When I run test.py from the command line (also in the conda GMS_VENV_PYTHON environment), I get the expected output from test2.py in test.py. When I run the exact same file in Digital Micrograph, I get the response
Subprocess result: '', 'Fatal Python error: Py_Initialize: can't initialize sys standard streams
Traceback (most recent call last):
File "C:\ProgramData\Miniconda3\envs\GMS_VENV_PYTHON\lib\io.py", line 52, in <module>
File "C:\ProgramData\Miniconda3\envs\GMS_VENV_PYTHON\lib\abc.py", line 147
print(f"Class: {cls.__module__}.{cls.__qualname__}", file=file)
^
SyntaxError: invalid syntax
'
This tells me the following (I guess):
The test2.py is called since this is the error output of the subprocess call. So the subprocess.run() function seems to work fine
The paths are in the GMS_VENV_PYTHON environment which is wrong in this case. Since this is test2.py, they should be in the legacy paths
There is a SyntaxError because a f-string (Literal String Interpolation) is used which is introduced with python 3.6. So the executing python version is before 3.6. So the legacy python environment is used.
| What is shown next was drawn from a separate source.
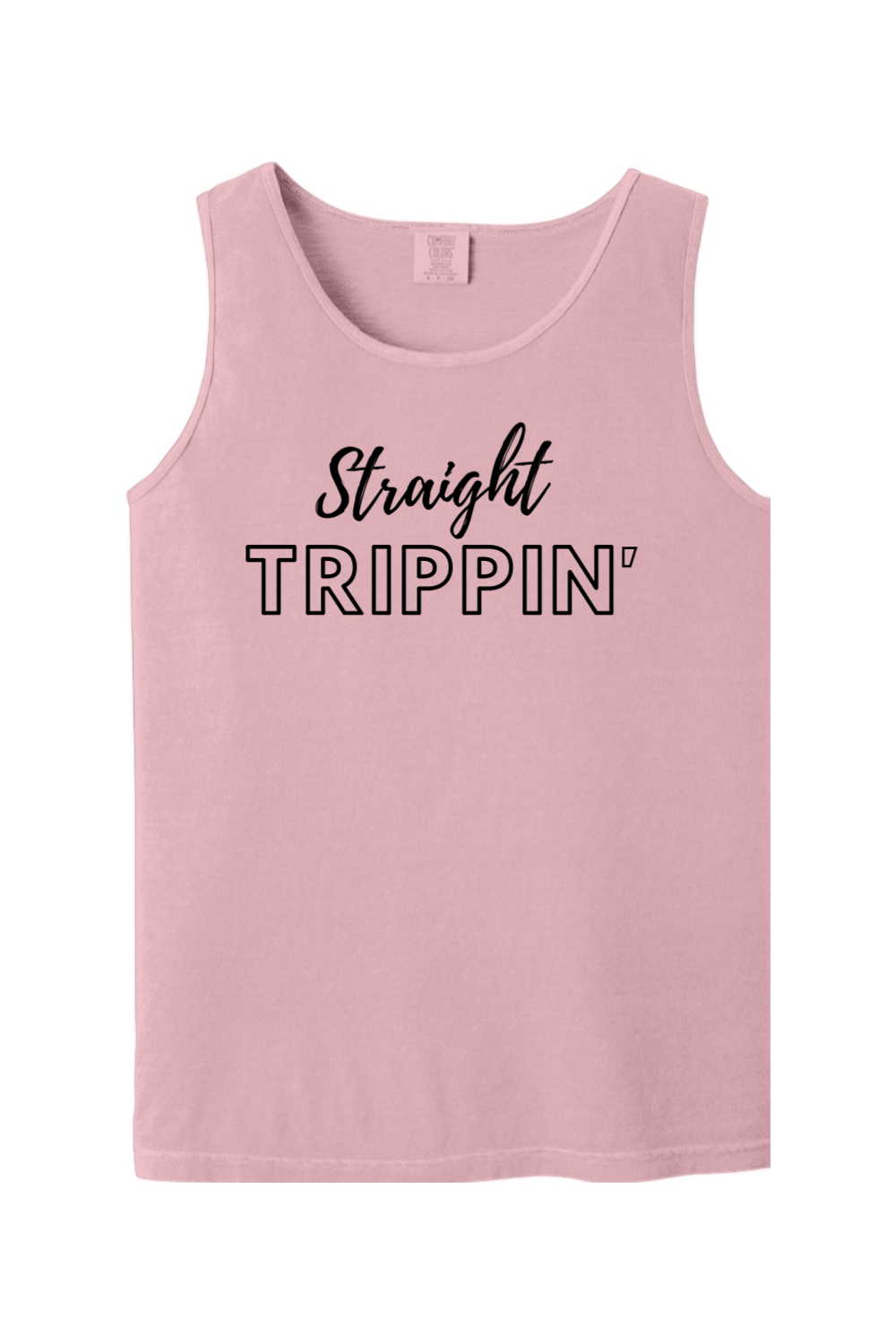 Straight Trippin' - Black Font Unisex Tank Top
test2.py uses either use io nor abc (I don't know what to conclude here; are those modules loaded by default when executing python?)
So I guess this means, that the standard modules are loaded (I don't know why, probably because they are always loaded) from the wrong destination.
How can I fix this? (See What I've tried > PATH for more details)
What I've tried so far
Encoding
I came across this post "Fatal Python error: Py_Initialize: can't initialize sys standard streams LookupError: unknown encoding: 65001" telling me, that there might be problems with the encoding. I know that Digital Micrograph internally uses ISO 8859-1. I tried to use python -X utf8 and python -X utf8 (test2.py doesn't care about UTF-8, it is ASCII only) as shown below. But neither of them worked
command = ['C:\\ProgramData\\Miniconda3\\envs\\legacy\\python.exe',
"-X", "utf8=0",
os.path.join(os.getcwd(), 'test2.py')]
PATH
As far as I can tell, I think this is the problem. The answer "https://stackoverflow.com/a/31877629/5934316" of the post "PyCharm: Py_Initialize: can't initialize sys standard streams" suggests to change the PYTHONPATH.
So to specify my question:
Is this the way to go?
How can I set the PYTHONPATH for only the subprocess (while executing python with other libraries in the main thread)?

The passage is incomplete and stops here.